=== Section Start ===
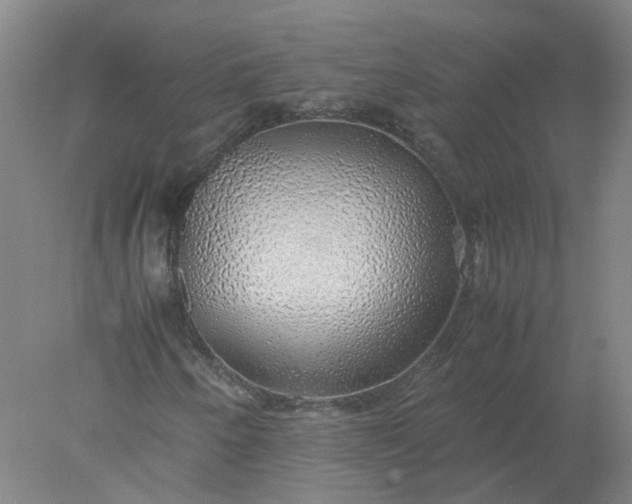 X0000077991250200611101719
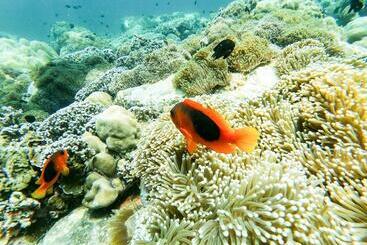 הוסטל Serene Resort Koh Lipe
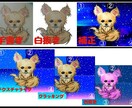 格安！スピーディー！丁寧に！ロゴ作成致します ☆デザイン料を抑えたい方！急いでる方向け！ イメージ7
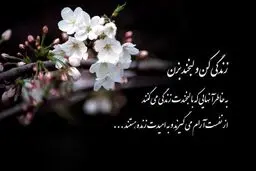 حال و احوال ۲۰ آذر 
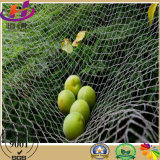 Customized Olive Netting/HDPE Warp Knitted Fabric Net on Agriculturer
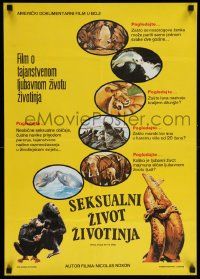 4b634 BIRDS DO IT, BEES DO IT Yugoslavian 19x27 '75 images of animals from sex documentary!
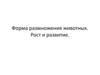 Форма размножения животных. Рост и развитие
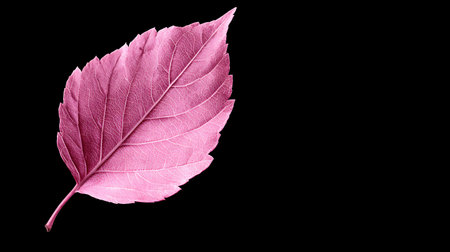 Marian plum fruit on tree isolated on black background, clipping pathの素材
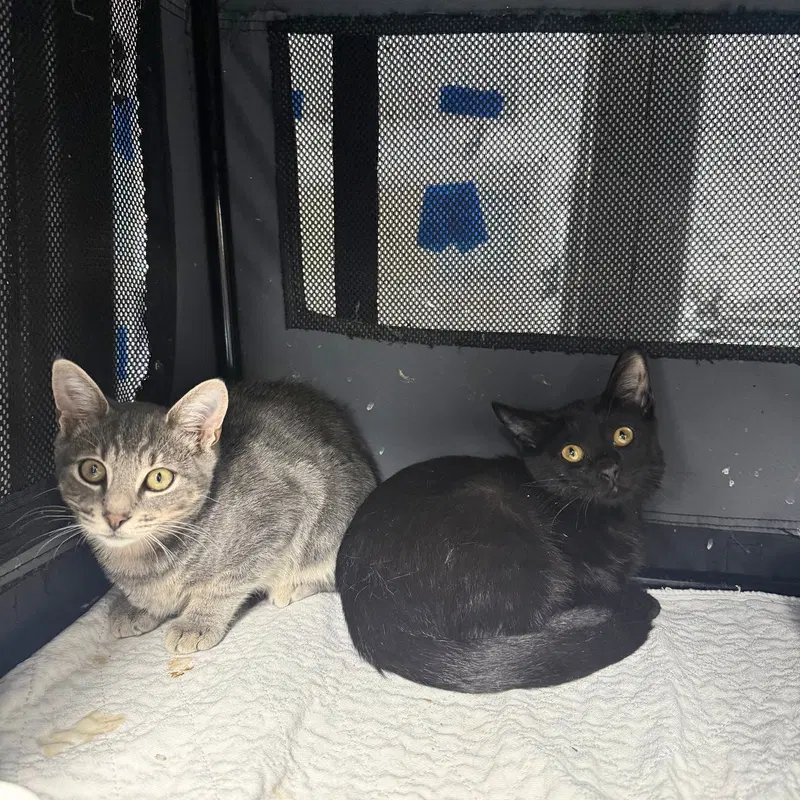 Bric a Brac & Knick Knack, male kittens up for adoption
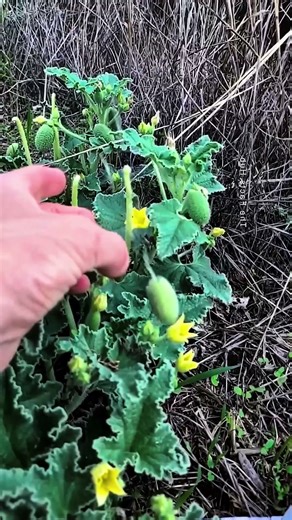 The Plant That Shoots Its Seeds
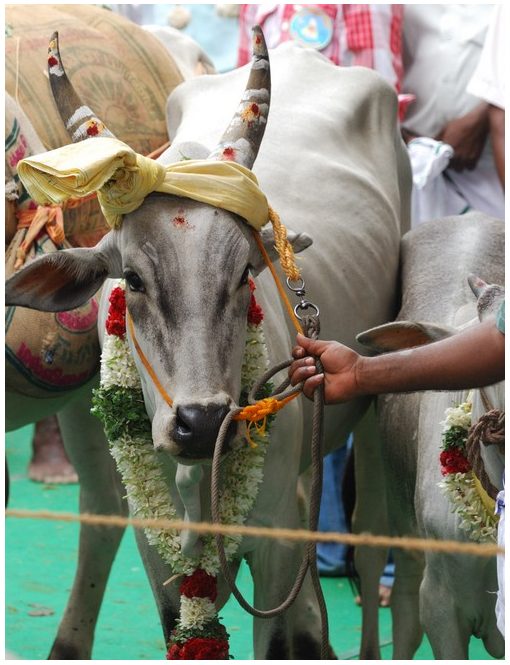 கொங்கதேசம்-தென்கரை நாடு வேணாவுடையார் பட்டாபிஷேகத்தில்
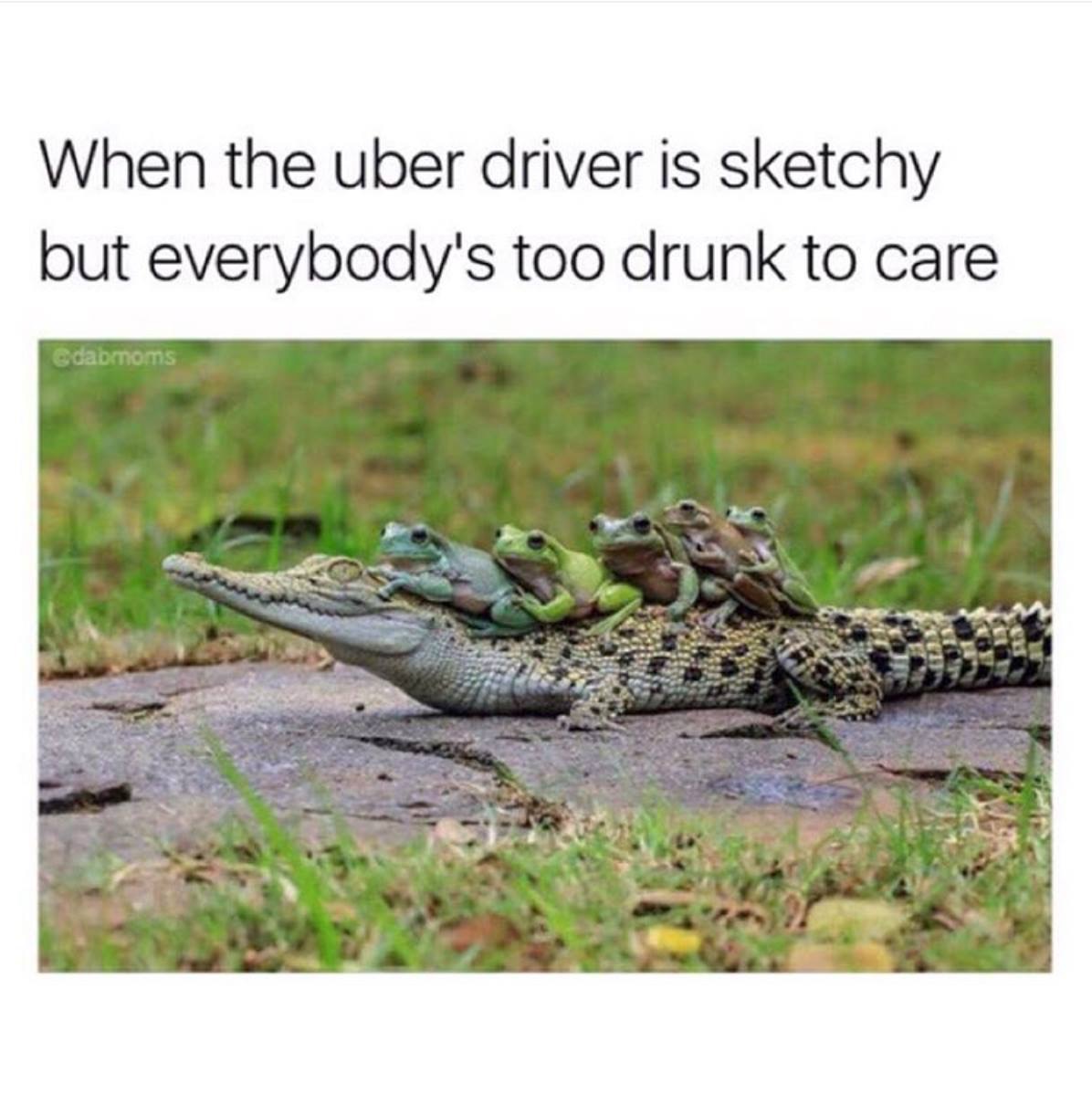 baby crocodile - When the uber driver is sketchy but everybody's too drunk to care Gdabroms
=== Section End ===
### WHAT NEEDS TO BE DONE:
Leave every picture out and print exactly the lines from the one that contains "Форма размножения животных. Рост и развитие" through the last line of the material above.

### EXERCISE RESULT:
 Форма размножения животных. Рост и развитие
 Marian plum fruit on tree isolated on black background, clipping pathの素材
 Bric a Brac & Knick Knack, male kittens up for adoption
 The Plant That Shoots Its Seeds
 கொங்கதேசம்-தென்கரை நாடு வேணாவுடையார் பட்டாபிஷேகத்தில்
 baby crocodile - When the uber driver is sketchy but everybody's too drunk to care Gdabroms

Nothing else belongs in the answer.